On sale Apr 15th, 2008
True Crime - Murder - Serial Killers
About This Book
In this bold and suspenseful true-crime story, former homicide prosecutor Timothy M. Burke makes his case against one Leonard Paradiso. Lenny “The Quahog” was convicted of assaulting one young woman and paroled after three years, but Burke believes that he was guilty of much more – that Paradiso was a serial killer who operated in the Boston area, and maybe farther afield, for nearly fifteen years, assaulting countless young women and responsible for the deaths of as many as seven. Burke takes the reader inside the minds of prosecutors, police investigators, and one very dangerous man who thought he had figured out how to rape and murder and get away with it.
The Paradiso Files generated headlines when first published in February 2008. Nine days later, Paradiso died at the age of sixty-five without commenting on any of Burke’s accusations, including that he murdered Joan Webster, a Harvard graduate student who disappeared from Logan Airport in 1981. Boston-area prosecutors announced in September 2008 that Burke’s revelations had led them to reopen the unsolved murder cases of three young women – Melodie Stankiewicz, Holly Davidson, and Kathy Williams. There were “too many similarities between the individual cases to ignore,” a prosecutor involved in the new investigation said. Burke’s account leaves little doubt that Paradiso’s deeds should go down in infamy, alongside those of the Boston Strangler.
Timothy Burke grew up in rural upstate New York. The youngest of twelve children, he is a graduate of Syracuse University and Northeastern University School of Law. Burke successfully prosecuted more than twenty-five murder cases and more than fifty major felonies while assigned to the Homicide Unit of the Suffolk County District Attorney’s office, including heading an investigation into the activities of mobster Whitey Bulger, currently number two on the FBI’s Most Wanted List. Legal counsel to more than twenty Massachusetts law enforcement agencies, Burke is married, the father of four children, and maintains an active law practice in suburban Boston.

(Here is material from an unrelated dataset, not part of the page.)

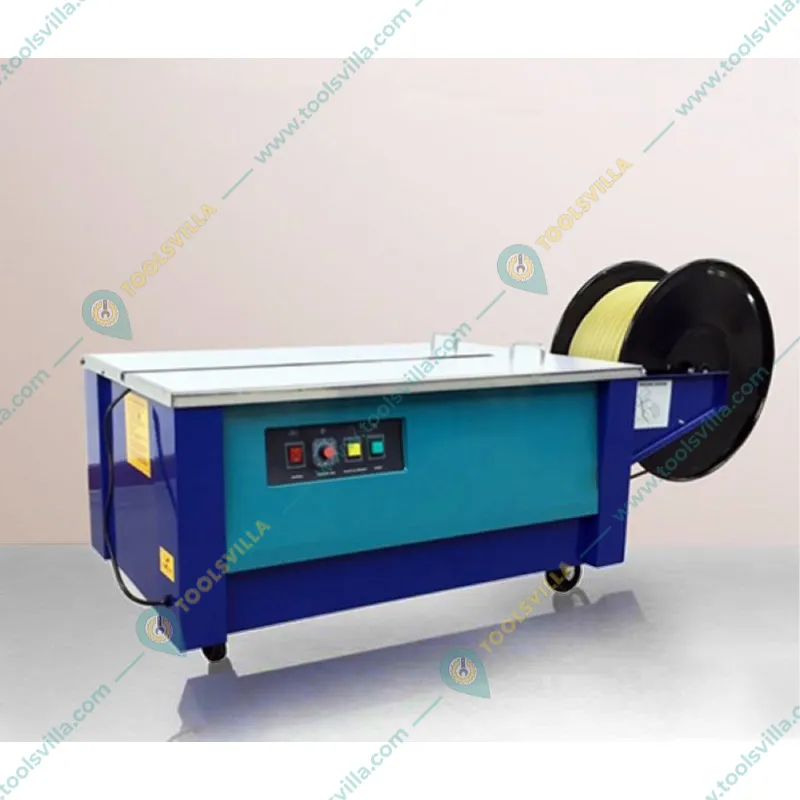 Heavy Duty 60 x 15 mm Semi Automatic Strapping Machine Low Table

"The criminal exploits of Boston's most notorious psychopath, fugitive gangster James "Whitey" Bulger, have been well chronicled. Now Timothy M. Burke exposes another sadistic figure who prowled Boston's streets for unsuspecting victims back when Whitey was still the man: Leonard "The Quahog" Paradiso. . . . In a suspenseful account offered by the former prosecutor who sent Paradiso to prison for the 1979 slaying of Marie Ianuzzi, Burke builds a convincing case that the Revere fish peddler was a cunning sexual predator who got away with many more slayings. . . Burke tells a compelling story, with chilling accounts of Paradiso's crimes gleaned from victims' accounts and evidence that never made it to court. . . The story transcends Boston with an insider's view of the criminal justice system. . . It's a good read. And Burke, who led the State Police investigation into Bulger during the 1980s, even manages to slip in a few observations about him" — Boston Globe
"Burke’s colorful and creepy debut takes a Grisham-esque ride through both the legal system and the mind of a killer.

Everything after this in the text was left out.